In the ongoing conversation about what constitutes effective discipline in schools, Independence, Missouri, poses an interesting case study. 

In January, the district briefly came under fire from a group of agitated parents over the use of the ominous-sounding "isolation rooms." In the resulting furor, several child development experts questioned the practice of isolating students as a way to control their behavior. 

But earlier, the district had attracted a much different kind of attention. Its efforts to bring "trauma-informed care" to teacher practice was highlighted late last year by KCUR 89.3 in the context of a growing national movement striving to understand how stress and trauma affect student learning. 

These two very different examples indicate the complexity of school discipline in education and underline the fact that few teachers, schools, or districts are doing things perfectly. Still, many Kansas City educators and parents think the increased focus on finding what's best for kids is a good thing. 

Here is an overview of some of the latest trends in school discipline, discussed recently on KCUR's Central Standard

De-escalation: Conversation Is Key 

Derald Davis first became a teacher in the 1990s, in the wake of what he calls the "zero tolerance era."  

"The philosophy was that in order to minimize disruptions, students should get harsh, punitive consequences.
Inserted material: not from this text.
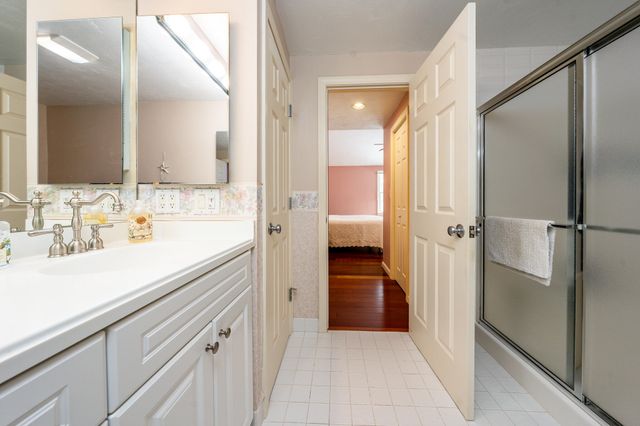 29 Pine Grove Village UNIT H, Yarmouth Port, MA 02675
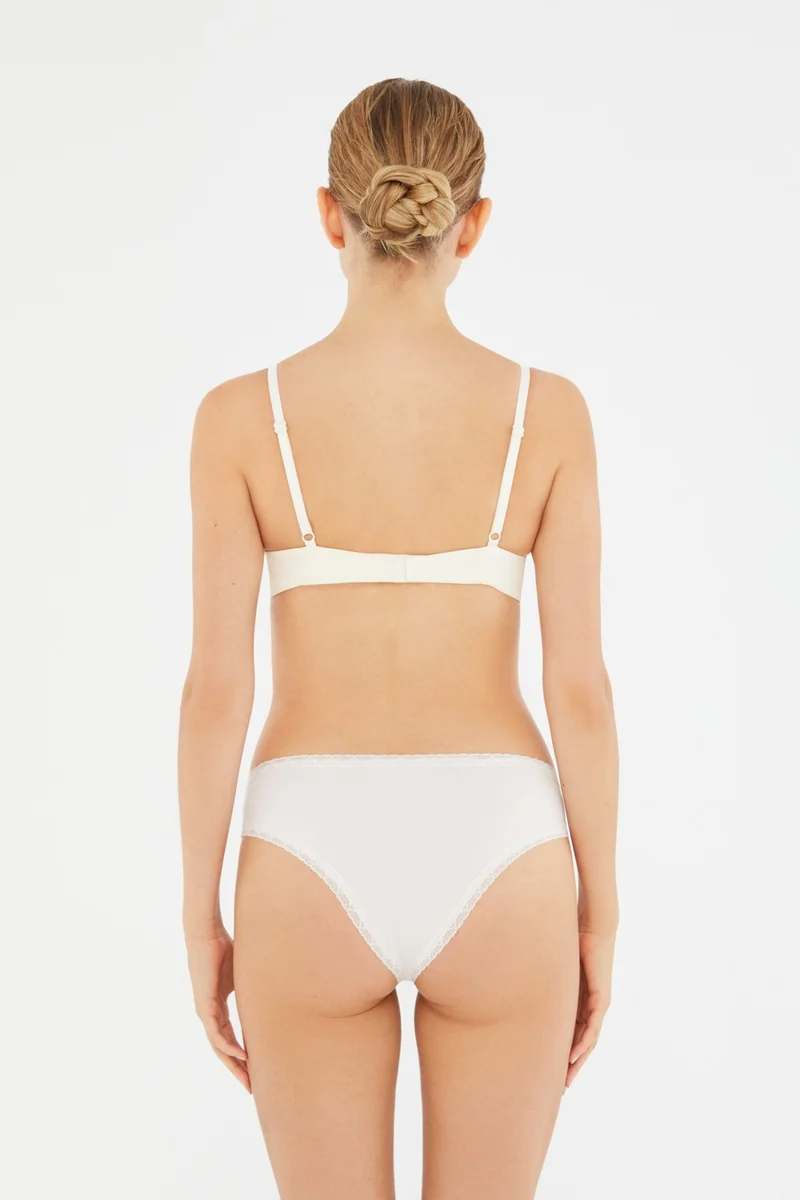 داجي Ecru 5137KC 2-Piece Accessory Detailed Brazilian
That resulted in a high number of suspensions. The fear of consequences, it was believed, would keep kids from doing kid things," he says. 

Problem was, such approaches didn't work, at least not for Davis who is now the Assistant Superintendent for School Leadership for Kansas City Public Schools. Over the past five years, he says, the district has made a concerted effort to move away from a "zero tolerance" brand of discipline to something known as "de-escalation." 

While there's no single accepted definition of what this means, Davis says it boils down to prioritizing having conversations with misbehaving students and seeking to understand why they are acting the way they are. 

"When a kid is talking with another student or running down the hall, they're not thinking 'I better not do this because I'll get suspended.' So suspending them won't teach them anything," says Davis. "We need to help them understand why they shouldn't have certain behaviors at school, teach them how to talk to adults, resolve conflicts with peers and so on." 

Davis says in the time KCPS has begun emphasizing "de-escalation," the district has seen a 60 percent drop in suspensions and, overall, they "have had fewer disciplinary problems." 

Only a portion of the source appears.